CSS is the abbreviation for Cascading Style Sheet. A style sheet simply holds a collection of rules that we define to enable us to manipulate our web pages. CSS can be applied to our web pages in many ways; however the most powerful way to employ CSS rules is from an external cascading style sheet. When used in this manner, the full power of CSS can be used to control the design and appearance of our work from a single controlling location, which makes it easy to update our site on a global basis. Each cultural community has its own language, script and writing system. In that sense, the transfer of each writing system into cyberspace is a task with very high importance for information and communication technology. This document describes issues of text composition in eight Indian Languages layout requirements for Hindi, Bengali, Kannada, Guajarati, Marathi, Malayalam Tamil and Telugu.
The first-letter pseudo-element represents the first letter of the first line of a block, if it is not preceded by any other content (such as images or inline tables) on its line. It allows that first letter to be styled individually, without markup. It may be used for "initial caps" and "drop caps", which are common typographical effects in text in Latin script. Drop initial is a typographic effect emphasizing the initial letter(s) of a block element with a presentation similar to a 'floated' element. The drop initial effect may also be used for writing systems which use different alignment strategies. For example, in Devanagari the hanging baseline may be preferred. In that case the primary connection point connects the text-after-edge of the initial letter with the text-after-edge of the nth line, but the secondary connection point connects the hanging baselines of the initial letter and the initial line.
If some styling feature is to be applied to the starting character, then whether it will be applied to a single character, conjunct character, a syllable or a Grapheme cluster.
The first-letter pseudo-element represents the first letter of the first line of a block, if it is not preceded by any other content (such as images or inline tables) on its line. It allows that first letter to be styled individually, without markup. It may be used for "initial caps" and "drop caps"
Indic script behavior relates to syllables, rather than individual letter forms. In the Hindi word स्थिति ('sthiti') the sequence of characters in the first syllable is as follows in memory:
0938: स DEVANAGARI LETTER SA
094D: ् DEVANAGARI SIGN VIRAMA
0925: थ DEVANAGARI LETTER THA
093F: ि DEVANAGARI VOWEL SIGN I
Note how the vowel sign appears to the left of the first character, not the third.
There are two default grapheme clusters here. The first includes the SA+VIRAMA+THA+I. (The second is the last two characters, T+II.)
From the feedback we have received it appears that first-letter styling will be needed for Indic scripts. We have examples in the mail archive for such styling in Devanagari, Bengali, and Malayalam, though we have reports that it is needed for other scripts, such as Telugu, Tamil and Kannada.

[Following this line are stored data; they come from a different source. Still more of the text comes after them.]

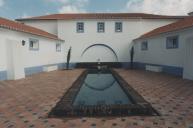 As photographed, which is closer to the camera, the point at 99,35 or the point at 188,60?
the point at 188,60

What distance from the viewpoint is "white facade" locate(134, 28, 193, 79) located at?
1172 cm

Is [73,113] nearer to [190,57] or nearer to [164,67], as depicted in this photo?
[190,57]

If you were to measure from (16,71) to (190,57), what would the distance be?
37.4ft

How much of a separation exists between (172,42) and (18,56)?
37.8ft

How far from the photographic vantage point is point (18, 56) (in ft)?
39.5

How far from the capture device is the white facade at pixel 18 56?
36.8 feet

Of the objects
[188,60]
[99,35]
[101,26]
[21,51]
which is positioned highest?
[101,26]

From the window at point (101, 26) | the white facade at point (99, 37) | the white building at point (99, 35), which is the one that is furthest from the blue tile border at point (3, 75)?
the window at point (101, 26)

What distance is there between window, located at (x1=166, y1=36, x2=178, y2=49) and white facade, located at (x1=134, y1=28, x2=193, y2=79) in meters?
0.24

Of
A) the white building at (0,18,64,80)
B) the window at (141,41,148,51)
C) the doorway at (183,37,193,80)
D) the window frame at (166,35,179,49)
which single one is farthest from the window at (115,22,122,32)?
the doorway at (183,37,193,80)

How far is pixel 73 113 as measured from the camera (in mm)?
5203

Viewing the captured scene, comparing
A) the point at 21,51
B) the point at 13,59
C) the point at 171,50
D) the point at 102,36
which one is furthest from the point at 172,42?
the point at 13,59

We see that the styling is done on the basis of the syllable, not the first character. A syllable includes a base consonant and any combination of the following characters in the text stream:
• Consonants preceded by virama (i.e. conjuncts).
• vowel signs
• Visarga, anusvara or candrabindu.
Presentation / Styling issues: Vertical arrangement of characters If some string is written in vertical mode, then writing each character on a new line may not be suitable, Styling like vertical arrangement of the character in Hindi
When this issue was first discussed, there were queries that whether Indic scripts (Devanagari etc.) are written in this fashion and will be of use anywhere.

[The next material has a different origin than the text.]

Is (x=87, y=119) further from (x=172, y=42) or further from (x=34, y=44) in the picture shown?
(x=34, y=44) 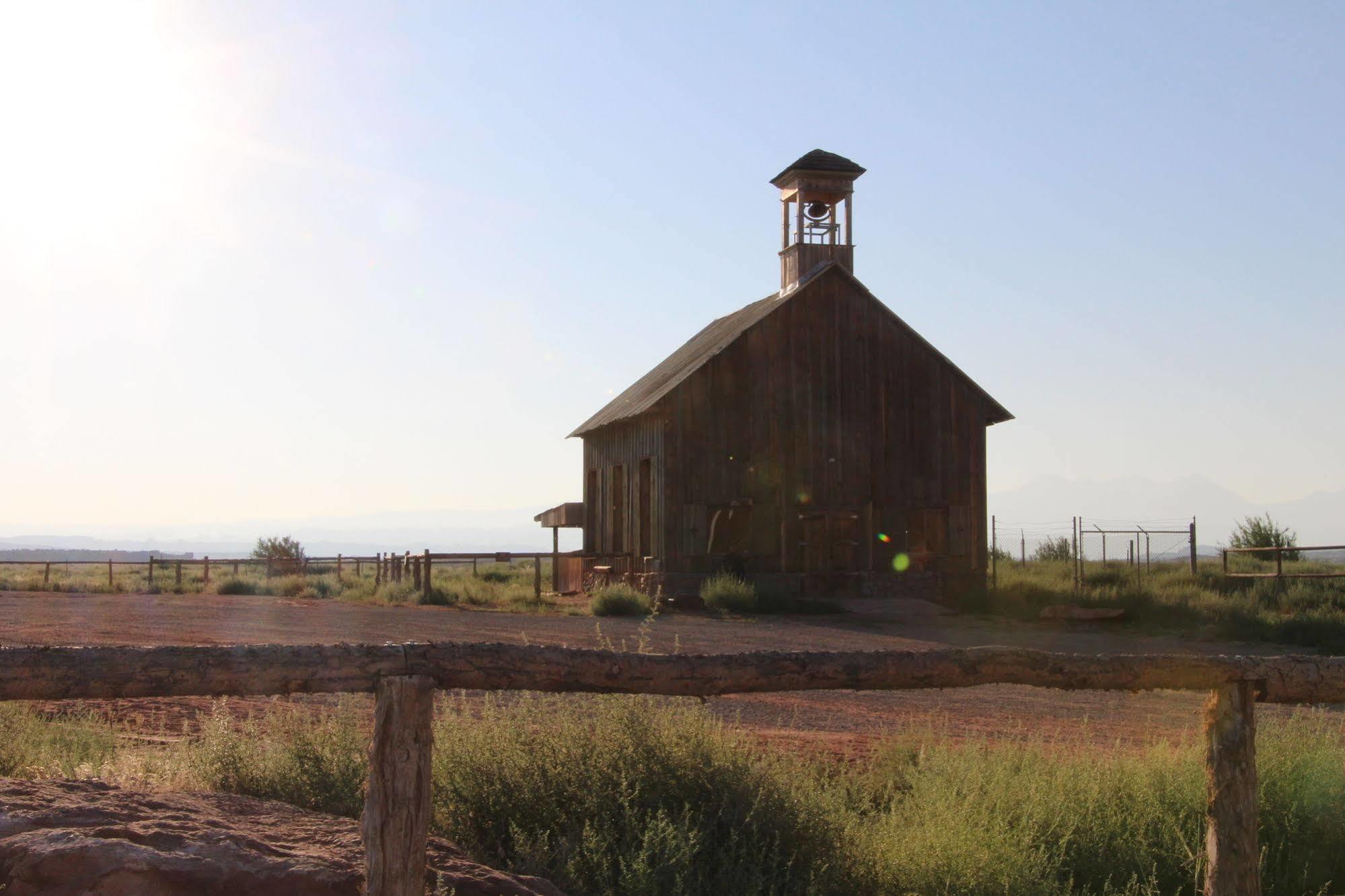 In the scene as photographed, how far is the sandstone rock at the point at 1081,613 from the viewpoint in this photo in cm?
2123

Same thing applies to horizontal spacing as well for Indic languages Styling issues like the Horizontal spacing between characters like C E R T I F I C A T E the space is given between the every character in case of English. But in case of Indian language like Bangla, Assamese etc the space may given not in every character but after some portion of the character sequence as in figure below:
Word Boundaries (Hyphenation) : Word boundaries are used in a number of different contexts. The most familiar ones are selection (double-click mouse selection, or “move to next word” control-arrow keys), and “Whole Word Search” for search and replace. They are also used in database queries, to determine whether elements are within a certain number of words of one another.

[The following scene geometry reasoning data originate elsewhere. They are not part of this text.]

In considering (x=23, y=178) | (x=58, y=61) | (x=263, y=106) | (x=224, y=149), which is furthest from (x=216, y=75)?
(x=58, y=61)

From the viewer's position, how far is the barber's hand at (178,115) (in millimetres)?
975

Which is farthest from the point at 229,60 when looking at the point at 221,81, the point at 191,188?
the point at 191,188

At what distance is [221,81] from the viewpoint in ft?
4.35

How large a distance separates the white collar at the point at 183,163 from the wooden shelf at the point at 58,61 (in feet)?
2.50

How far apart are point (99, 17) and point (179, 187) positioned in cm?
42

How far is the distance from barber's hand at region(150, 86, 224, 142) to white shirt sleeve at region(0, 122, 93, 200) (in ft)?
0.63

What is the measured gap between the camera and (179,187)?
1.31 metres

Recommended solution: ABNF Valid Segmentation and hyphenation dictionary (if available)
Sentence Boundaries
Recommended solution: Some special sentence boundaries like the double poorna virama, possibly with numbers (as in Sanskrit text, shlokas etc.)
A string of Unicode-encoded text often needs to be broken up into text elements programmatically. Common examples of text elements include what users think of as characters, words, lines (more precisely, where line breaks are allowed), and sentences. The precise determination of text elements may vary according to orthographic conventions for a given script or language. The goal of matching user perceptions cannot always be met exactly because the text alone does not always contain enough information to unambiguously decide boundaries. For example, the period (U+002E FULL STOP) is used ambiguously, sometimes for end-of-sentence purposes, sometimes for abbreviations, and sometimes for numbers. In most cases, however, programmatic text boundaries can match user perceptions quite closely, although sometimes the best that can be done is not to surprise the user.
Solution
Grapheme Cluster Boundaries: ABNF Valid Segmentation Based, Possible Extension for handling some cases (?)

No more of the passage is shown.